Anonymous Anonymous said...

I knew that the latest China cheering was unwarented but I was unaware that there were that many problems. I don't know whether to be thankful that a dangerous communist state is not doing so well or disappointed that the wealth needed to empower the middle class into pressing for reforms is not being generated. With Russia waiting for the other shoe store to drop, much of Asia could become a political and economic witch's brew over time. Not that it isn't already but this is nothing compared to what could happen as problems begin to magnify each other.

Tuesday, 27 October, 2009  
Blogger Hell_Is_Like_Newark said...

I suspect China is a highly flammable paper tiger economic wise.. and a dangerous military foe. I suspect that when their economy finally shatters, they will turn to military adventures (Taiwan). This will serve two purposes:
1. Keep the populous busy with a surge of National pride
2. Extort cash payments from the West to keep their economy afloat.

Tuesday, 27 October, 2009  
Blogger al fin said...

The Chinese government has no friends, and must maintain its influence and authority through brutality, bribery, and intimidation.

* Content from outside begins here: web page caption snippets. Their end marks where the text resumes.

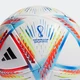 Adidas adidas 2022 Qatar World Cup Football Dream Journey No. 3 No. 4 No. 5 Football H57798 Spot Fast Delivery H57791 Only No. 5 ball has FIFA certification / thermal bonding 5 Adidas adidas 2022 Qatar World Cup Football Dream Journey No. 3 No. 4 No. 5 Football H57798 Spot Fast Delivery H57791 Only No. 5 ball has FIFA certification / thermal bonding 5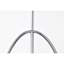Luminaire suspendu sphère 1 lumière Jayleanna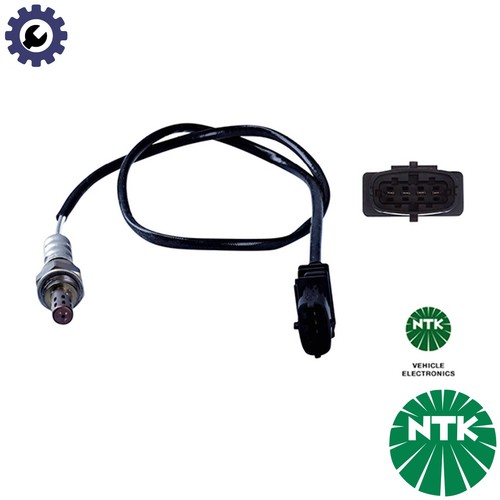 Lambda sensor 95028 for opel - sensor,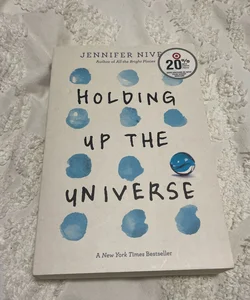 Holding up the Universe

The Chinese are quite racist in their attitudes toward outsiders -- such as the Russians, the Indians, the Japanese, the Vietnamese, Tibetans, Central Asian tribesmen, etc. But that ethnocentrism does not convert into undying devotion to the CCP. The devotion is to the idea of China and the Chinese people.

It is important to keep that in mind, because the power of a billion intelligent, curious, market savvy Chinese is a force to be reckoned with.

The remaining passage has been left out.